Emulating natural disturbances for declining late-successional species: A case study of the consequences for Cerulean Warblers (Setophaga cerulea)
Forest cover in the eastern United States has increased over the past century and while some late-successional species have benefited from this process as expected, others have experienced population declines. These declines may be in part related to contemporary reductions in small-scale forest interior disturbances such as fire, windthrow, and treefalls. To mitigate the negative impacts of disturbance alteration and suppression on some late-successional species, strategies that emulate natural disturbance regimes are often advocated, but large-scale evaluations of these practices are rare. Here, we assessed the consequences of experimental disturbance (using partial timber harvest) on a severely declining late-successional species, the cerulean warbler (Setophaga cerulea), across the core of its breeding range in the Appalachian Mountains. We measured numerical (density), physiological (body condition), and demographic (age structure and reproduction) responses to three levels of disturbance and explored the potential impacts of disturbance on source-sink dynamics.
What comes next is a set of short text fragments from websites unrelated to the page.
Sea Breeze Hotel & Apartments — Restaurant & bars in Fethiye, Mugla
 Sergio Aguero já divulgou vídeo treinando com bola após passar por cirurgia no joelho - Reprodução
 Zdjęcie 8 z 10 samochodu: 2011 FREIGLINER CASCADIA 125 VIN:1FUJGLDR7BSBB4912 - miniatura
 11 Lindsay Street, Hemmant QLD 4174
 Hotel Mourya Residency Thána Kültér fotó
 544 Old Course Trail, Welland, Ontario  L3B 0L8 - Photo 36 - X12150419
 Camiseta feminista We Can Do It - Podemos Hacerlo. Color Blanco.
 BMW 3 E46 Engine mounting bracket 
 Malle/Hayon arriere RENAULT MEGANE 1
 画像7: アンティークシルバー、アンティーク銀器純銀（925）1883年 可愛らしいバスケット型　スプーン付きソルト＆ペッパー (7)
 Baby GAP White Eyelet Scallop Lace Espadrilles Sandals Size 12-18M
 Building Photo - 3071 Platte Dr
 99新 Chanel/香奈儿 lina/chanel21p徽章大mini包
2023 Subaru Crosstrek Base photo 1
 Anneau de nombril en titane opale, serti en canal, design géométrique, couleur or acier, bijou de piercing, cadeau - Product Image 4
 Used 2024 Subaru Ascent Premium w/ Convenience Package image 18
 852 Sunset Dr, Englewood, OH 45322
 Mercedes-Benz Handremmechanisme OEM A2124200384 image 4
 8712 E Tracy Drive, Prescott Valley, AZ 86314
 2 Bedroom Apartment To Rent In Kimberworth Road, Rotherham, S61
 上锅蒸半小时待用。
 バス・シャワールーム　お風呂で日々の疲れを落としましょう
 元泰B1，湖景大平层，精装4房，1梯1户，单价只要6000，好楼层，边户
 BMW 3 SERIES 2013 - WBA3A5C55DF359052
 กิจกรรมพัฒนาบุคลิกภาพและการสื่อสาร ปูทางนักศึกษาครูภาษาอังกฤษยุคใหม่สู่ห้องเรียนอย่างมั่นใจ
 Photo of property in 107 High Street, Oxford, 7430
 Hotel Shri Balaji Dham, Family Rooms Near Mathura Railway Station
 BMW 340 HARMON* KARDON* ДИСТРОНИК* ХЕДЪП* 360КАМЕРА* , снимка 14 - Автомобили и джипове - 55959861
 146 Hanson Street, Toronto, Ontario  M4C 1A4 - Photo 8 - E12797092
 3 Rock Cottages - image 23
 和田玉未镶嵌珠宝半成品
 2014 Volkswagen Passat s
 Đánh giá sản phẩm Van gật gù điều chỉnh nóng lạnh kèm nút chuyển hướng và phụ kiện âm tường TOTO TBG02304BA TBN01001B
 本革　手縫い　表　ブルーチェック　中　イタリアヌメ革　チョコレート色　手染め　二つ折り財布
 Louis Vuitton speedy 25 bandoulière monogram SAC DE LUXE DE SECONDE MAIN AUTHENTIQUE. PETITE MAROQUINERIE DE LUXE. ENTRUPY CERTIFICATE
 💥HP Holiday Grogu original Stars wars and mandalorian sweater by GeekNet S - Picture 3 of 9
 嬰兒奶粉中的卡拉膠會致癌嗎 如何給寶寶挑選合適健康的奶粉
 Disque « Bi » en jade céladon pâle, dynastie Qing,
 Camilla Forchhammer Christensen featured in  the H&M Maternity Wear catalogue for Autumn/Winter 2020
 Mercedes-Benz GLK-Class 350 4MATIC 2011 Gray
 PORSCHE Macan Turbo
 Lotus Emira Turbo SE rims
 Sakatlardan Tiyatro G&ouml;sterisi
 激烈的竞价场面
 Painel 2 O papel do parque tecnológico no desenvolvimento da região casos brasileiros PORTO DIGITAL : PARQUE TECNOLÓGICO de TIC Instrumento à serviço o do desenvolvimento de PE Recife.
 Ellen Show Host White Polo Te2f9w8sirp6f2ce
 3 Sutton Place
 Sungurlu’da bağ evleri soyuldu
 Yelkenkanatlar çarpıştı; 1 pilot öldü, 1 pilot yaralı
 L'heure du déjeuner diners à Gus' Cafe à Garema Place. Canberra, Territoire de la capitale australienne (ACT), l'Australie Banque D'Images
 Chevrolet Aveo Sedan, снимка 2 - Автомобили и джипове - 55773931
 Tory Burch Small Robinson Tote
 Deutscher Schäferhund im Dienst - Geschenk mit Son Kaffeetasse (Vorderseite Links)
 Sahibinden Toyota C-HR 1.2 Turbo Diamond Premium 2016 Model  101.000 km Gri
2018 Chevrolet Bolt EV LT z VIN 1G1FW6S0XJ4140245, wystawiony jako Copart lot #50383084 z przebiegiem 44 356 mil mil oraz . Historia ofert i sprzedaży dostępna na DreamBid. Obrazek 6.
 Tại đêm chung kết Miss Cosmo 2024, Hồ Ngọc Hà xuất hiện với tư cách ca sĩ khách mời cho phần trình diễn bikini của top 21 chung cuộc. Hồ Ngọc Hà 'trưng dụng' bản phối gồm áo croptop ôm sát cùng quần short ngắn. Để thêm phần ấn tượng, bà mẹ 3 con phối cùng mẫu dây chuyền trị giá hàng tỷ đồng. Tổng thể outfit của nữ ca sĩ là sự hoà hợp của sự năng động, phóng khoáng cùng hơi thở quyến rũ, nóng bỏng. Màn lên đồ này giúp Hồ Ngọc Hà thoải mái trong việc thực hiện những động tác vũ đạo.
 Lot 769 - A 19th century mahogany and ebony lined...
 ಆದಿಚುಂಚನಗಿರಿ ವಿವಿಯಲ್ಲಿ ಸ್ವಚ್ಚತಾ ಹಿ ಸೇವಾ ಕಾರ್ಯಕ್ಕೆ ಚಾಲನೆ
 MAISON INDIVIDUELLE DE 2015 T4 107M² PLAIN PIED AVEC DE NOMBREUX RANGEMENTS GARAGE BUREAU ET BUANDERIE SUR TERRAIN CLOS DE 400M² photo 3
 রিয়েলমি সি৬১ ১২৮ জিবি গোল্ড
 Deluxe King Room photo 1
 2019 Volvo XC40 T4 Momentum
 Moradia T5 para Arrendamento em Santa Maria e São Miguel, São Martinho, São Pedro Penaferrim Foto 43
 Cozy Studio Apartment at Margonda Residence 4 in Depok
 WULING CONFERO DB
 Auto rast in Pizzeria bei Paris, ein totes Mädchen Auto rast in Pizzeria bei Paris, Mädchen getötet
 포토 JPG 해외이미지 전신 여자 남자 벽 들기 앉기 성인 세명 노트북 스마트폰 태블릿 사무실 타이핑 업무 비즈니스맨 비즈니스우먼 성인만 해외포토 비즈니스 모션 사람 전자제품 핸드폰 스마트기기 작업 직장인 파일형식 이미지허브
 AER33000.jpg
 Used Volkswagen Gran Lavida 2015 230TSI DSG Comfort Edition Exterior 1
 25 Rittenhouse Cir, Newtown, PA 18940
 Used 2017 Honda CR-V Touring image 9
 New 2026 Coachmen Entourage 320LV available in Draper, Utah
Breeding densities of warblers increased one to four years after all canopy disturbances (vs. controls) and males occupying territories on treatment plots were in better condition than those on control plots. However, these beneficial effects of disturbance did not correspond to improvements in reproduction; nest success was lower on all treatment plots than on control plots in the southern region and marginally lower on light disturbance plots in the northern region. Our data suggest that only habitats in the southern region acted as sources, and interior disturbances in this region have the potential to create ecological traps at a local scale, but sources when viewed at broader scales. Thus, cerulean warblers would likely benefit from management that strikes a landscape-level balance between emulating natural disturbances in order to attract individuals into areas where current structure is inappropriate, and limiting anthropogenic disturbance in forests that already possess appropriate structural attributes in order to maintain maximum productivity.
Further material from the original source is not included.